Sovereign Grace accused of covering up sex abuse allegations
WASHINGTON (AP) - Three female plaintiffs claim in a lawsuit filed Wednesday that an evangelical church group covered up allegations of sexual abuse against children, failed to report accusations of misconduct to the police and discouraged its members from cooperating with law enforcement.
The lawsuit was filed in Maryland state court against Sovereign Grace Ministries, a 30-year-old family of churches, with about 100 congregations. Most of its churches are in the U.S., but it also has planted churches in about 21 countries.
The plaintiffs allege a conspiracy spanning more than two decades to conceal sexual abuse committed by church members. The alleged abuse happened in Maryland and northern Virginia in the 1980s and 1990s. The lawsuit accuses of church representatives of permitting suspected pedophiles to interact with children, supplying them with free legal advice to avoid prosecution and forcing victims to meet with and "forgive" the person that had molested them.
"The facts show that the Church cared more about protecting its financial and institutional standing than about protecting children, its most vulnerable members," the lawsuit claims.

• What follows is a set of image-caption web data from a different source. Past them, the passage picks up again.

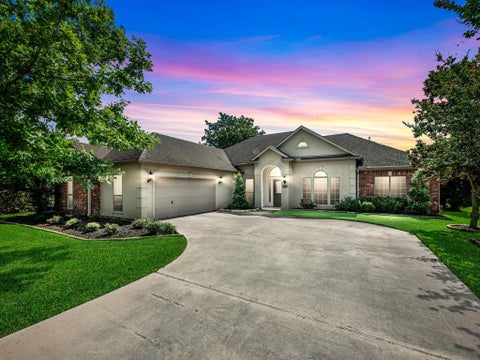 Photo of 4302 Wickby Street, Fulshear, TX 77441 (MLS # 96955157)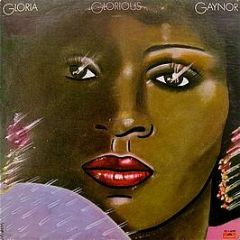 Gloria Gaynor - Glorious - Polydor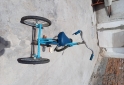 Deportes - Triciclo de niño antiguo - En Venta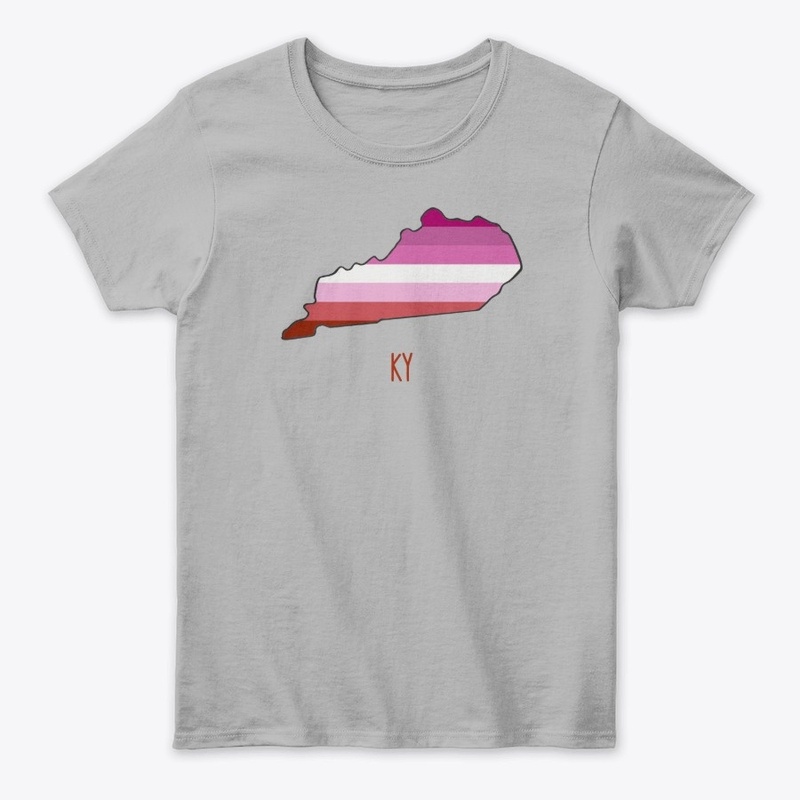 Lesbian Kentucky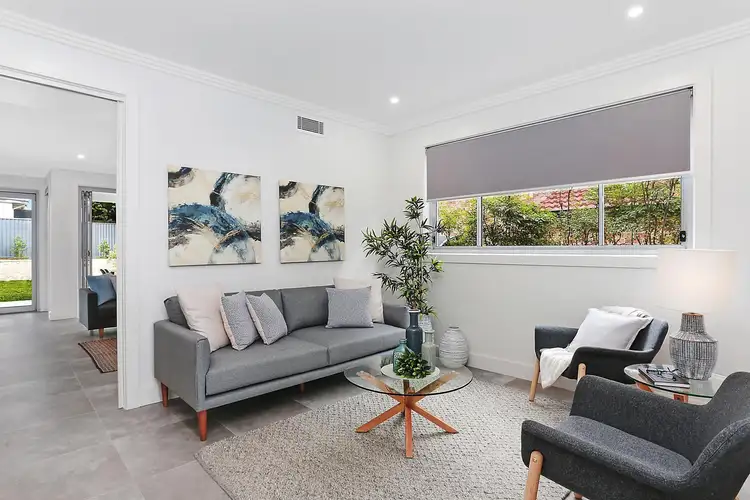Third view of Homely semi-detached listing, 15A Smalls Road, Ryde NSW 2112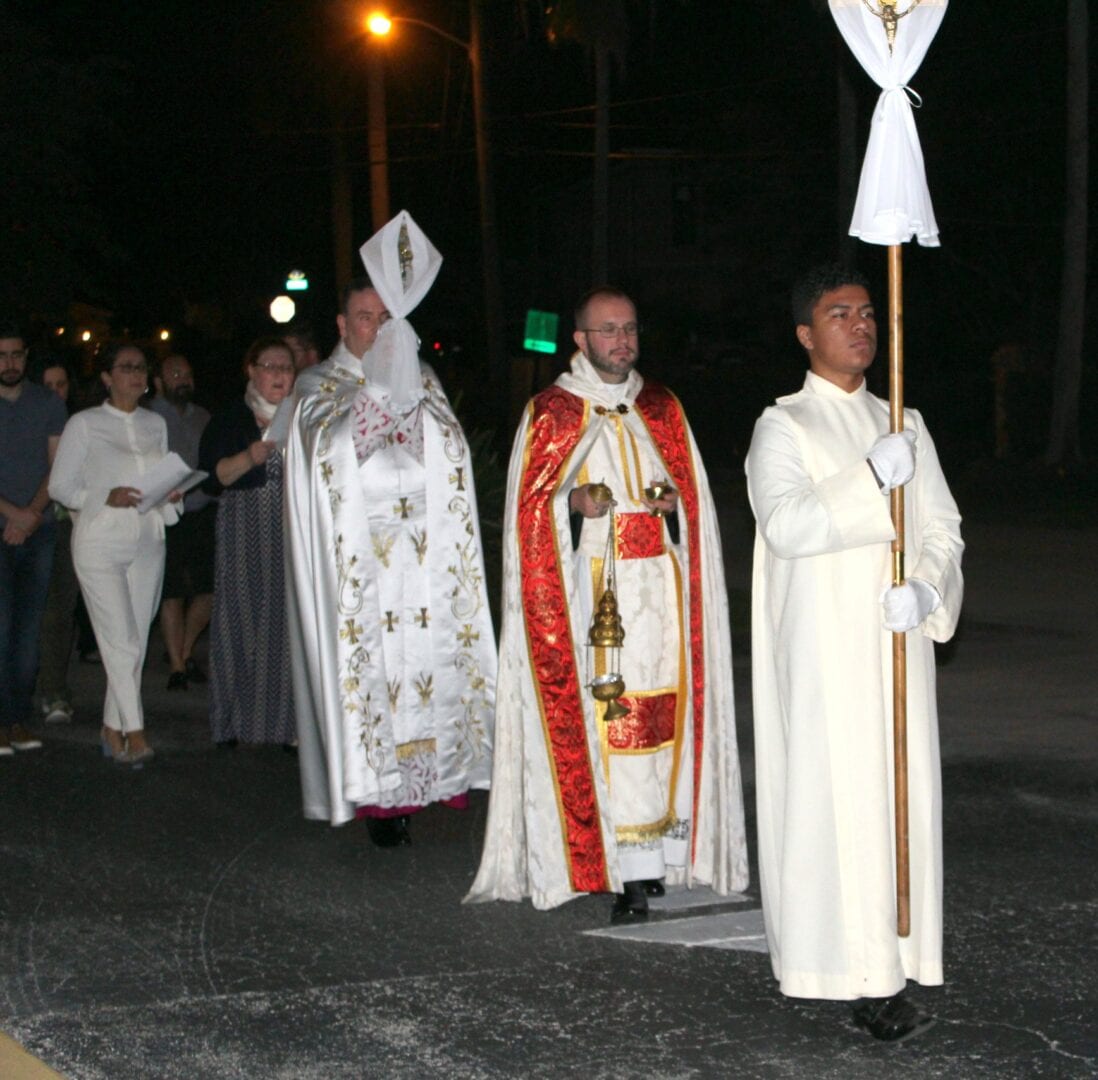 Heart of Jesus Catholic Church Maronite Rite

The church did not immediately respond to a written message or to a phone message left on its general voicemail box. It wasn't immediately clear if the church had a lawyer. The suit names as defendants about a half-dozen pastors and church officials who plaintiffs say were alerted to the accusations but either failed to take action or actively covered them up. One official said he had not seen the suit and declined comment. Other defendants either did not immediately respond to phone messages or did not have publicly listed phone numbers.
In accusing church leaders of turning a blind eye to sexual molestation, the lawsuit bears parallels to the allegations of priest sex abuse and the resulting cover-up that have rocked the Roman Catholic church over the last decade. But while that scandal centered on sex abuse by priests, the accusations in this case involve molestation by church members instead of clergy.

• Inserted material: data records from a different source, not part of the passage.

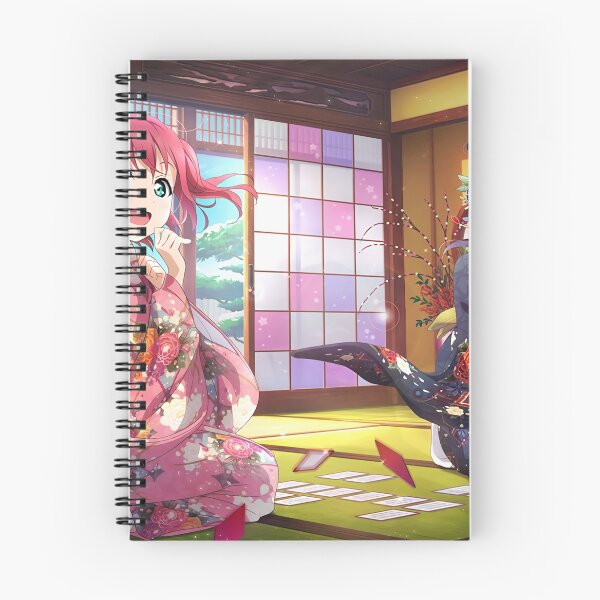 Item preview, Haregi Ruby Kurosawa & Dia Kurosawa - Love Live! Sunshine!! designed and sold by armrest-quartz.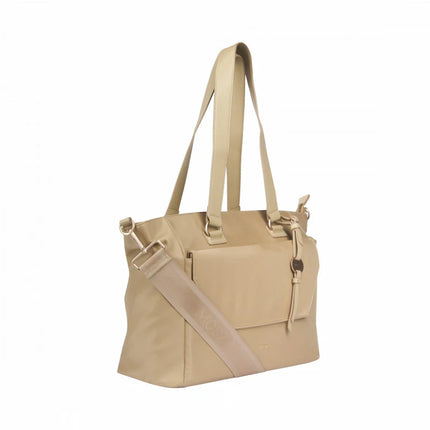 MŌSZ Laptoptas Shopper Dames 15,6 inch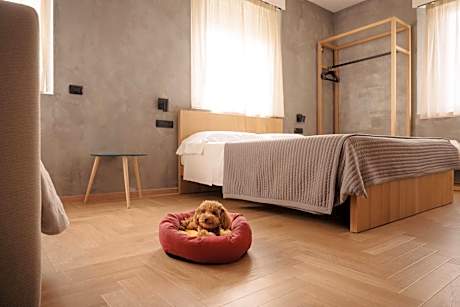 Classic Quadruple Room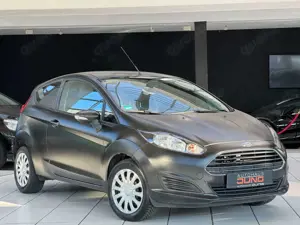 Ford Fiesta Trend*AUTOMATIK*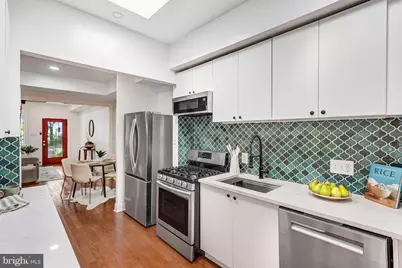 1113 Holbrook Terrace NE, Washington, DC 20002 - Photo 1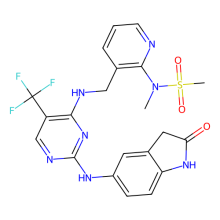 PF-562271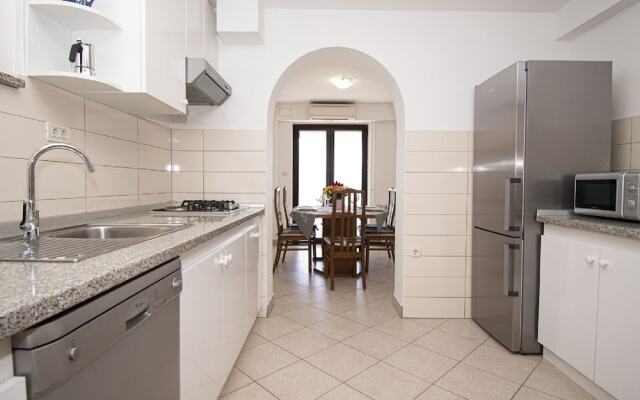 Modern Apartment Near the Beach in Istria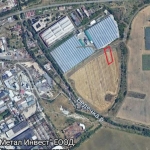 Парцел в Стара Загора, Кольо Ганчев - 3322 кв.м за 13 €/кв.м - Снимка #1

Sovereign Grace Ministries grew from its mother church in Gaithersburg, Md., in 1982. It moved its headquarters this year to Louisville, Ky., where it's also planting a new church. The group has struggled in recent years with fractured leadership and criticism over its discipline methods, especially the church's emphasis on sins, discipline and repentance.

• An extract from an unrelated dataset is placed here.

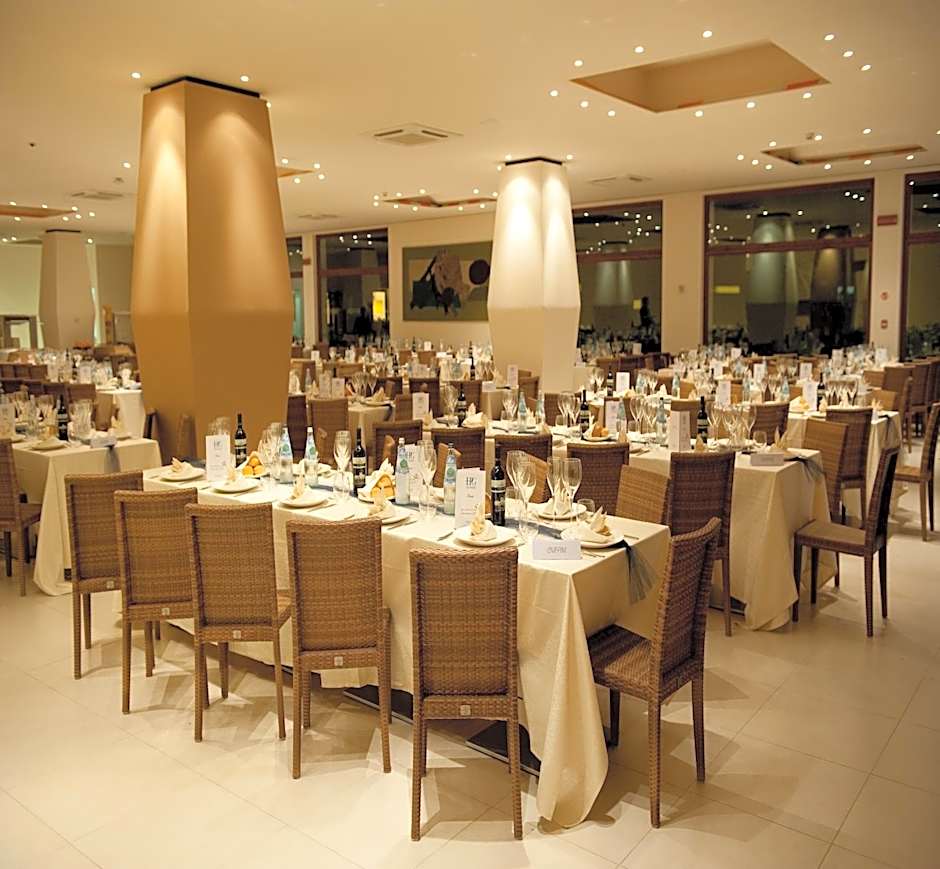 Hotel Parchi Del Garda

The suit only covers alleged abuse that occurred in Maryland in northern Virginia, but the church has faced scrutiny on other occasions for its handling of sexual abuse claims, and Susan Burke, a lawyer representing the three plaintiffs, said there are other alleged victims prepared to join a class-action suit.
For instance, an April report by a non-profit Lutheran mediation group that studied the church for nine months found that while church leaders showed "care and concern" about sex abuse allegations, a number of people interviewed felt the claims were handled irresponsibly and were left with "disappointments and hurts."
The lawsuit faults the church's "Home Group" structure, in which children are provided with day care so their parents can attend services, as fostering a poorly supervised environment that enabled the abuse to occur.
The lawsuit centers on allegations of three female plaintiffs, each identified by pseudonyms to protect their anonymity.
One of the three plaintiffs, a high school student in Virginia, alleges she was sexually assaulted when she was 3 years old and that the mother of the boy who abused her revealed the molestation to the church. But church officials discouraged her family from reporting the allegations to police and, instead, repeatedly interviewed the alleged abuser and worked with him and his mother to determine how best to prevent any prosecution and publicity regarding the abuse.
A second plaintiff, a college student in Maryland, says she was sexually abused as a toddler by a church member. She says the church pastor scolded her parents after they called the police and then tipped off the accused that he had been reported to the police. She says her parents were instructed to bring her to a meeting with her alleged abuser so they could be "reconciled," but that she was "visibly scared and crawled under the chair" after being brought into the same room with him.
The third plaintiff says her adoptive father, a member of the church, sexually abused her older sister for three and a half years. She says the church warned her mother not to pursue a prosecution, then kicked the family out of the church and denied the children reduced tuition to the school. The man was ultimately prosecuted and imprisoned, the lawsuit says.
"We view the case as an important step in holding SGM accountable for its misdeeds," said Burke, the lawyer who represents the three plaintiffs and is also suing the military on behalf of female service members who say they were raped. "No institution can put its own financial concerns above the needs of vulnerable children."